[Items from a data source]
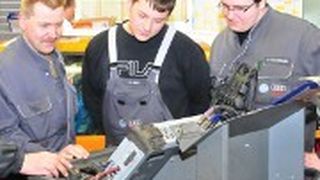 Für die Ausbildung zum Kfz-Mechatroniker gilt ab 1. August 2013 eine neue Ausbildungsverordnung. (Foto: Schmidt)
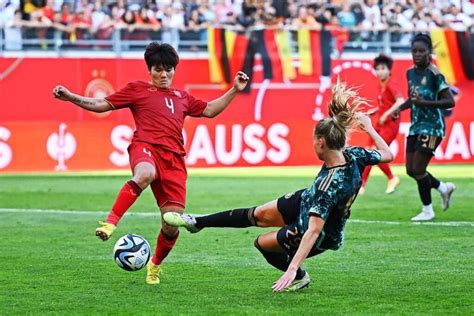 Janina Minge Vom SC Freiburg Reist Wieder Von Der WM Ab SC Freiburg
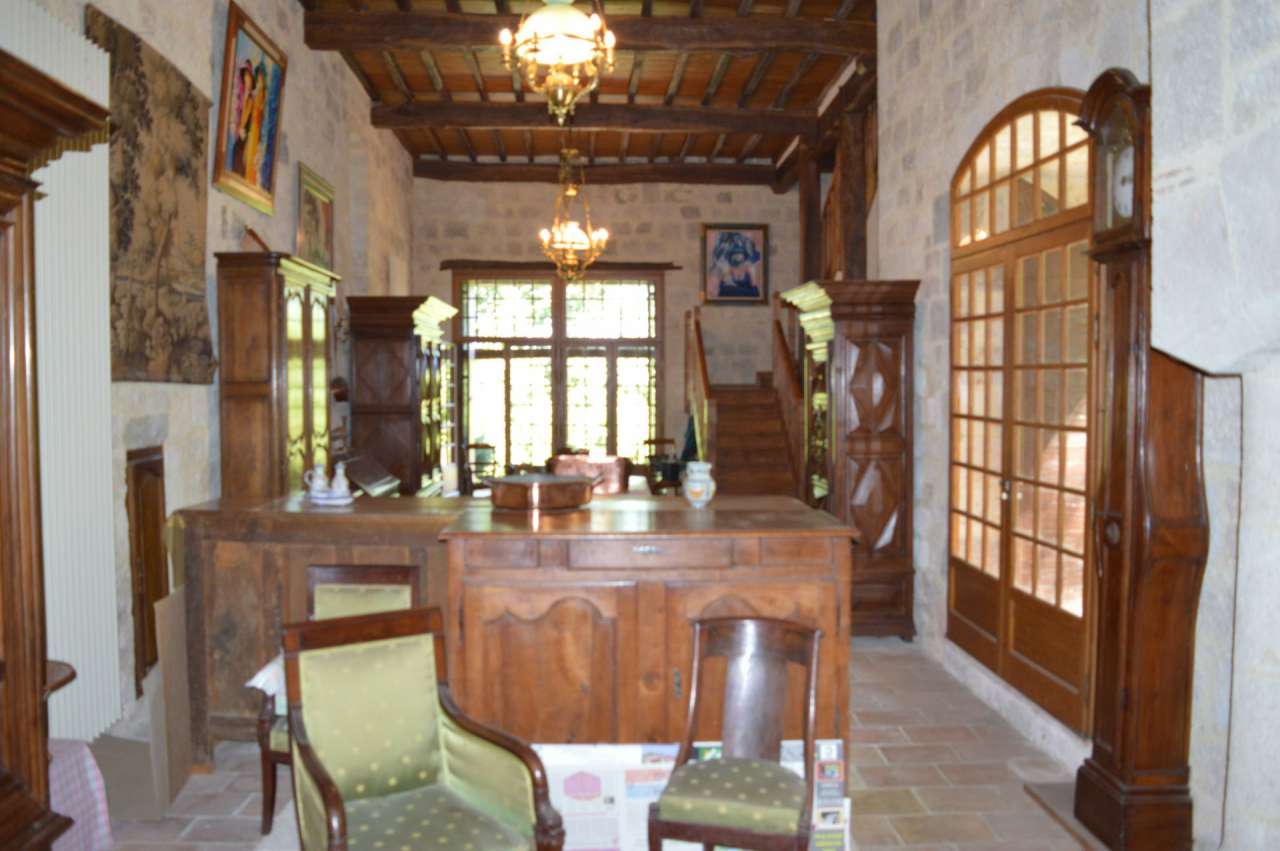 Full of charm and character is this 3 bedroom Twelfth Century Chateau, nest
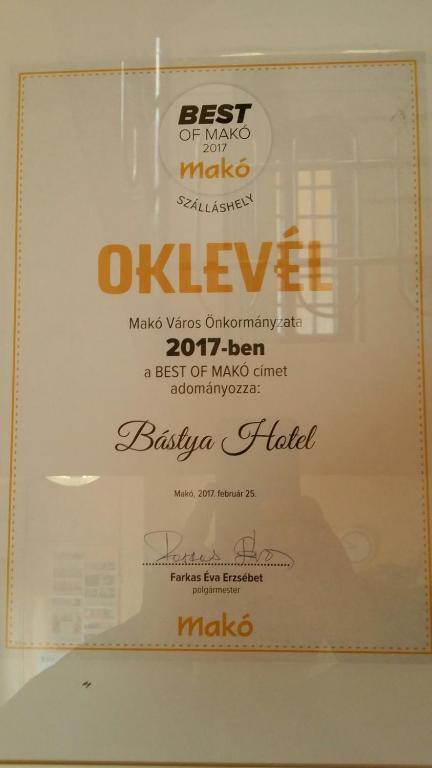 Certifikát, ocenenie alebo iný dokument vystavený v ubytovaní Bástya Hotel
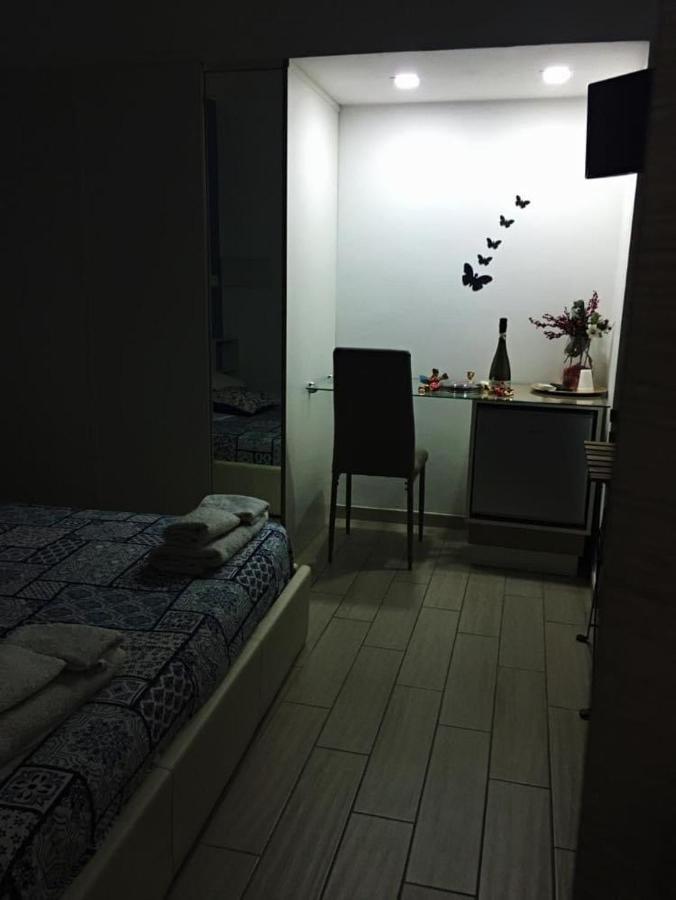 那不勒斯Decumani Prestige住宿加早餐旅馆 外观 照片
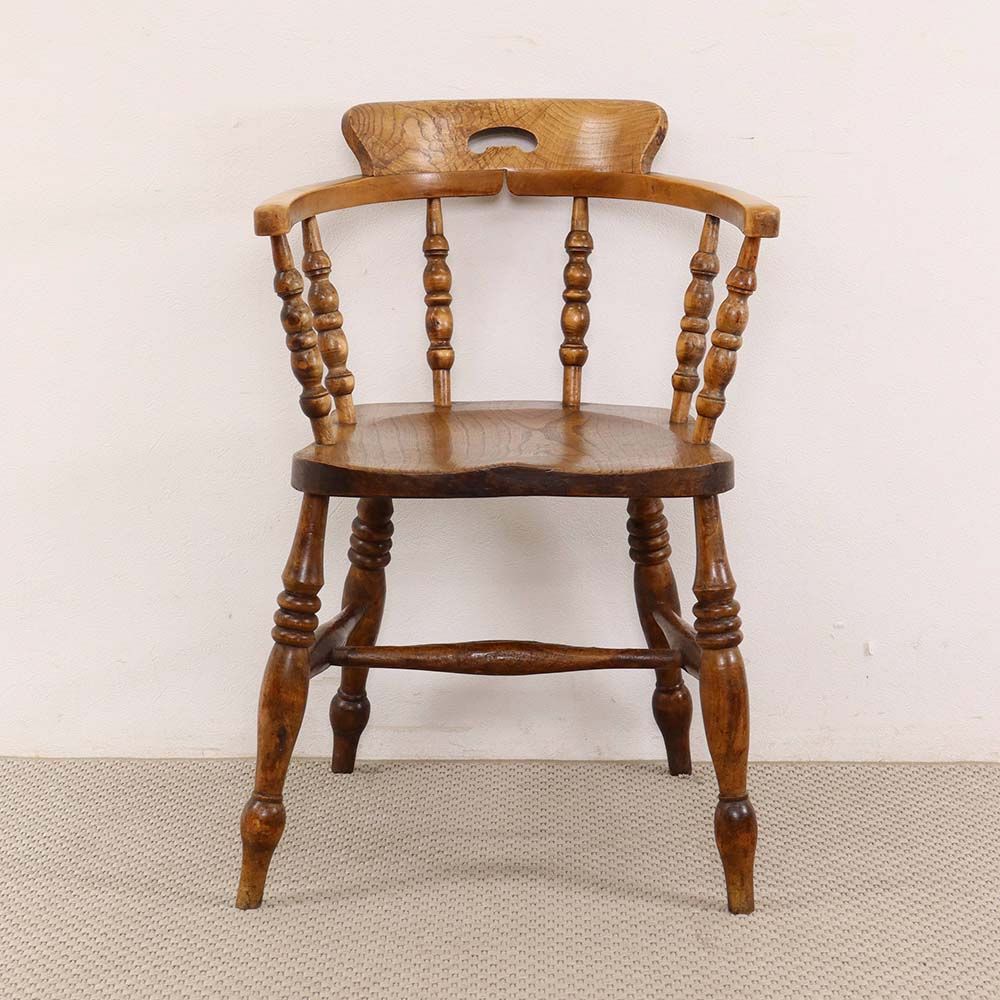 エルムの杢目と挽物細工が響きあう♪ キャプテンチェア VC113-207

◆ The problem
Set down each of the records precisely, leaving any pictures behind.

◆ Response to this exercise
 Für die Ausbildung zum Kfz-Mechatroniker gilt ab 1. August 2013 eine neue Ausbildungsverordnung. (Foto: Schmidt)
 Janina Minge Vom SC Freiburg Reist Wieder Von Der WM Ab SC Freiburg
 Full of charm and character is this 3 bedroom Twelfth Century Chateau, nest
 Certifikát, ocenenie alebo iný dokument vystavený v ubytovaní Bástya Hotel
 那不勒斯Decumani Prestige住宿加早餐旅馆 外观 照片
 エルムの杢目と挽物細工が響きあう♪ キャプテンチェア VC113-207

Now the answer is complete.